Tracy Furey, Head of Global Communications Oncology at Novartis, admitted to me how not being willing to ask this question created a lot of misery for her. She explained, ‘Prior to Novartis, I spent three years at my former employer feeling bitter and blaming everyone else for not getting the recognition, trust and support I thought I deserved. I withdrew into myself and was really lost. I behaved passive-aggressively towards people, particularly my family. It took me that long to recognise how much of my unhappiness was my responsibility because of how I reacted to the situation.
‘It was a terrible period of my life. And when I look back on it, I have so much regret because had I looked at myself and taken responsibility for bettering my situation, I could have gotten through it without the level of stress, anxiety and depression I went through. It didn’t have to be that way.
‘I held onto so many unresolved feelings. One time I was talking with a friend about it, and I had a moment of insight when I realised that everything coming out of my mouth was blaming others. I became disgusted with myself. That was the moment when I said, “It was you the whole time.” I just owned it.

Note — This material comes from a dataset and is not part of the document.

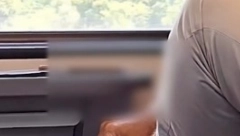 ČOVEČE, KAKO TE NIJE BLAM Kad vidite šta jedan putnik radi u vozu zgadiće vam se život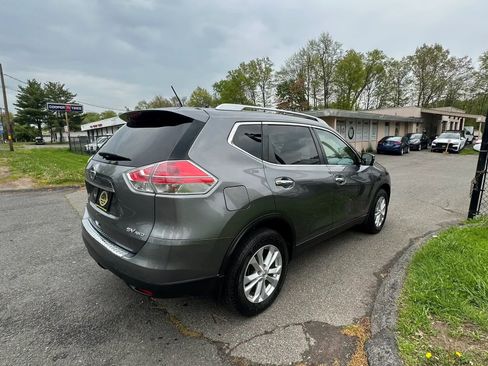 Used 2016 Nissan Rogue SV w/ SV Premium Package AWD/4WD image 5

‘Although that was difficult to face, it freed me to know it was my fault. It gave me the consciousness and power to look at my behaviour more objectively and to avoid my misguided behaviours in the future. Without that ownership, I never could have grown.’

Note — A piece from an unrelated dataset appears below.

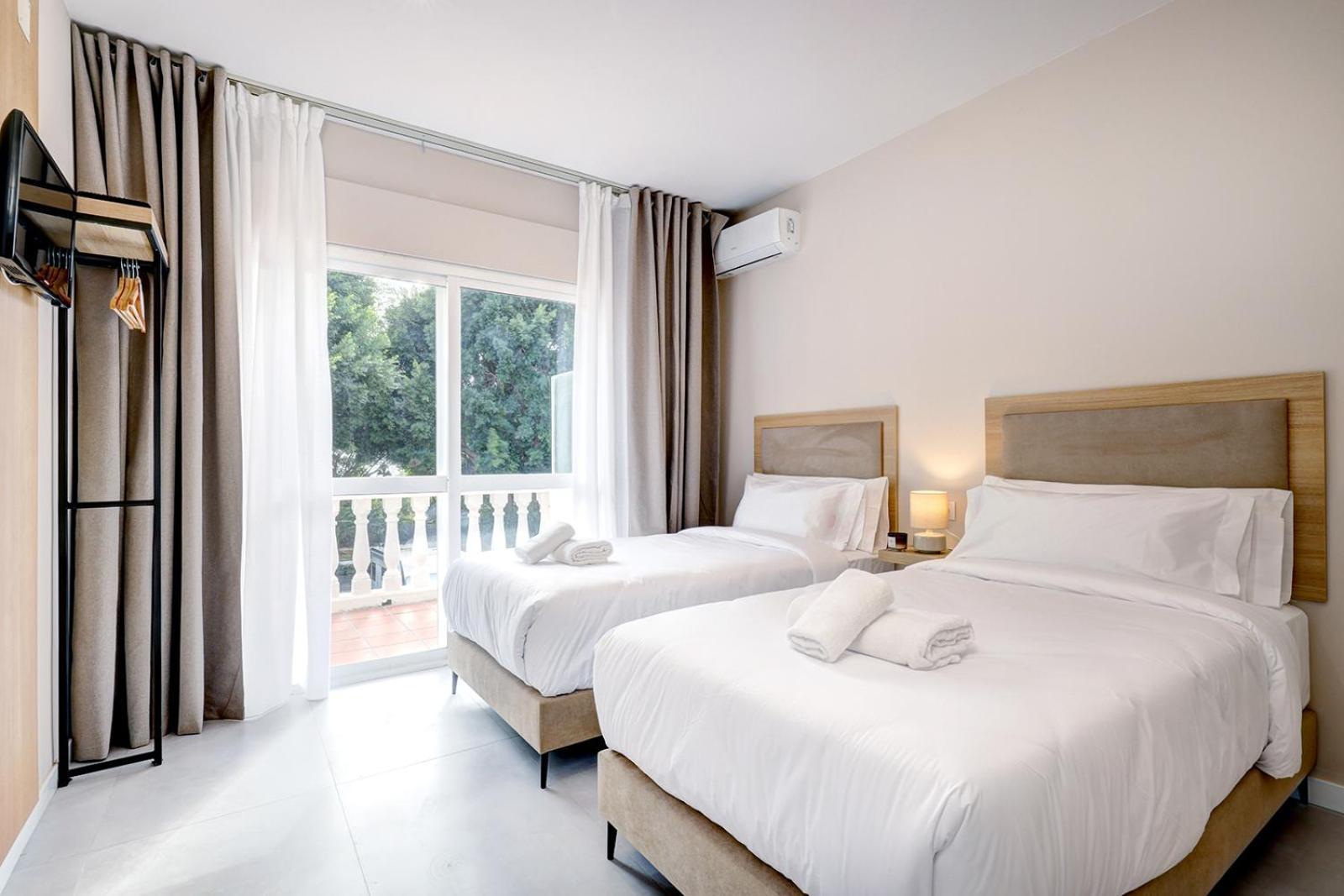 Hostal Puerta Almar 埃斯特波纳 外观 照片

Tracy’s experience is common. Blaming others is an unconscious pain management process. We blame others to feel okay about ourselves, but ironically we are actually poisoning ourselves.
Success Stories and The Importance of Self-Awareness
It’s typical for leaders to lack the self-awareness to answer the accountability question for themselves. They tell us, ‘I’m genuinely curious to see my part in this. But I just don’t know what it is, so I’ll ask my team members.’
These leaders often have a history of denial, blame and even punishment of those brave enough to give them critical feedback. This means there is no psychological safety, and team members have no incentive to be honest. So it’s not unusual that when these leaders ask their team to hold them accountable and help them grow, their team responds with image-management platitudes. ‘No really, you’re doing great.’ This is why it’s so important for leaders to work on their self-awareness and to the best of their ability develop the insight and clarity to at least partially arrive at their own answers to ‘What’s my part in this?’ This enables them to come to their team with an already vulnerable insight by sharing and owning their shadow in front of the team. This does wonders for psychological safety and the possibilities for an honest team environment.
But don’t expect instant results. If your team has mostly defensive, denial-based experiences with you, one single vulnerable experience is not going to be enough. You will need to be patient and keep doing the ownership work. It will change in time.